その問題を解決する名目で、政府は1800億円もの巨費を「地デジ」導入に投入したのである**。こうして、「政官業」一体となった「地デジ」利権が現実のものとなった。

 当然のことだが、このように巨額の国費を投入し、時代錯誤の地上デジタルテレビを国策で導入したことを批判するテレビ、新聞など大ディアはまったく存在しない。なぜなら、大メディア自身が利権のまっただなかにいるからである。

 だが、地デジによる巨大テレビメディアによる広告宣伝費独占の現状追認、既得権益確保も、広告宣伝費を出す企業があってのことである。その企業が金融危機以来、瀕死の重体にある。赤字となった巨大企業が、まっさきに削るのは広告宣伝費である。

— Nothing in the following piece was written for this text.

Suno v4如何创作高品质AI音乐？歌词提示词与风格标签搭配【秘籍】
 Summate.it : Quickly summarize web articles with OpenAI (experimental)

 その広告宣伝費という利権のもととなるパイは間違いなく小さくなる。また若い世代は間違いなくテレビメディアや新聞から離れている。日本固有の利権に満ちた地デジやBS放送システムは、持続性もなく、生き残れる可能性も少ない。


**1800億円の税金投入の解説

 現在の(アナログ)テレビの放送は、VHF帯(90〜220MHz)で行われている。地上波デジタル放送では、これをUHF帯(470〜770MHz)に移すわけだが、一部の地域では既存のアナログUHF局の電波が密集しているため混信が起こりやすく、十分な周波数が空いていない。

 そこで、現在のアナログ放送局の周波数を変更して、デジタル放送のための周波数を空けるのがいわゆるアナアナ変換である。

 これは文字どおりアナログからアナログへの変換であって、本来のデジタル化には関係ない。このような無駄な作業に1800億円の国民負担と7年もの時間をかけることになった。

 こんな馬鹿げたテレビ放送システムは当然のこととして世界に類例がない。